Cease and desist efforts need to be collaborative
That there is a risk that cease and desist efforts could go viral is not news to trademark professionals. Over the past few years, both polite and aggressive letters have hit social media streams – with the former being praised and the latter lambasted. A fundamental question that needs to be asked when faced with infringement is what tone to adopt, and in many instances this should not be a solely legal call. Gooder, who in his former role at Jack Daniel's Properties was responsible for the “most polite cease and desist letter ever”, recalls: “If it had a departmental implication we would go to maybe the commercial or regional manager. Often there can be a commercial backlash you may not see coming on. But we have so many issues that if we went to the marketing people every time it came up, they would throw up their hands in frustration. So we would go after the no-brainers, and just give them a list every quarter.” Where other parties are engaged in the decision, or handling the response, one tip is to ensure that the legalese is dialed down. Starbucks Corporation’s Naeve reflected: “If something comes along where we think a letter may get attention we would work with public affairs and work with them to develop speaking points. They aren’t detailed talking points but we give them the heads up – why it is significant, why it may get attention – and supply a prepared response.”

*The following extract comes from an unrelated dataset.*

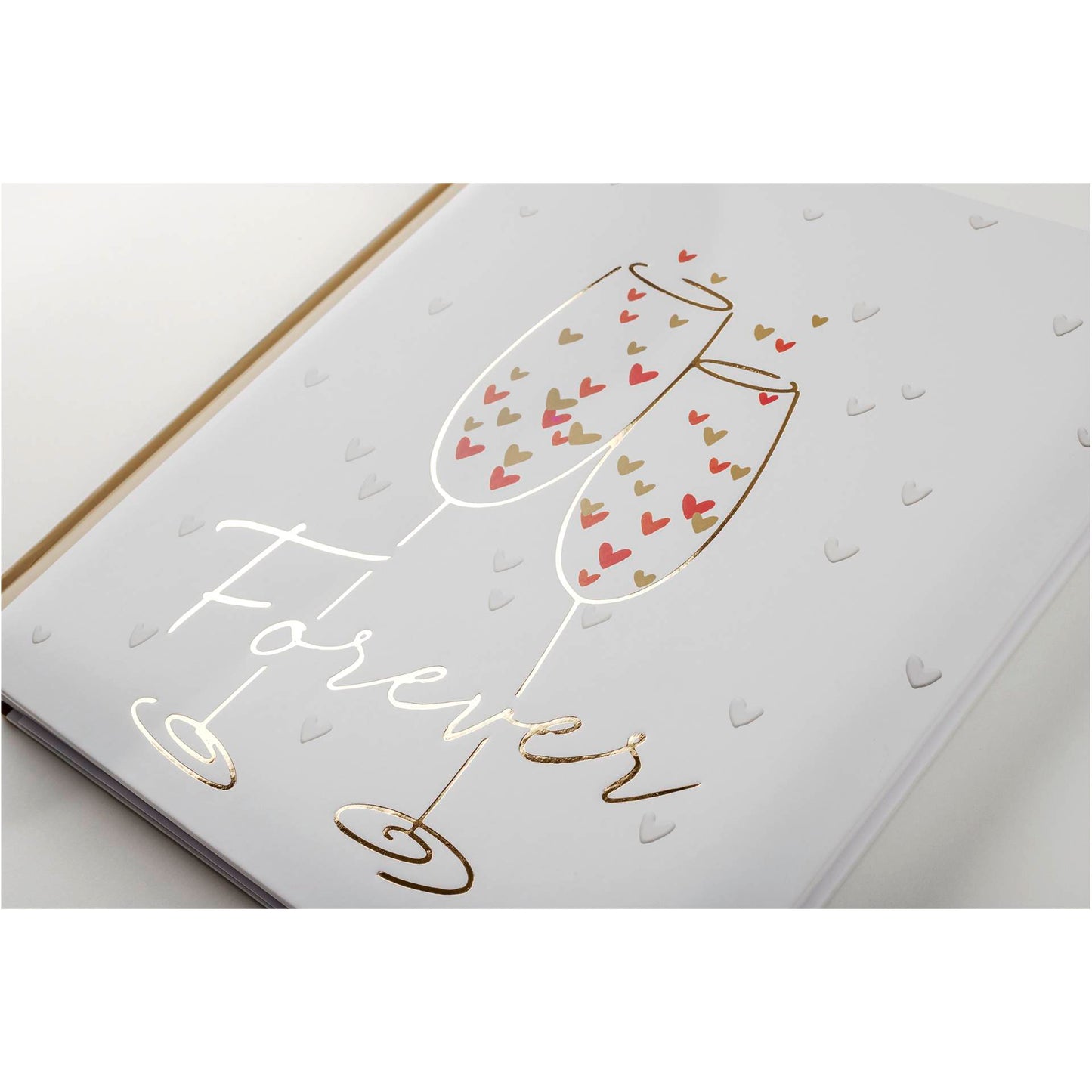 Walther Cheers 28x30,5 50 white Pages Wedding UH162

And finally: The quote of the day:
Much of the event discussion focused on brand challenges and how to overcome them. What was evident across both days was how important the work of trademark counsel is – even if the business does not always understand what they do. While one of the sessions took a deep dive into how to ensure the business truly understands the brand function, lack of understanding can be an unexpected positive, joked McAndrews Held & Malloy’s Patrick J Arnold Jr: “The real beauty of working in the trademark industry is that everything is so vague that nobody gets it; so we will always have a job!”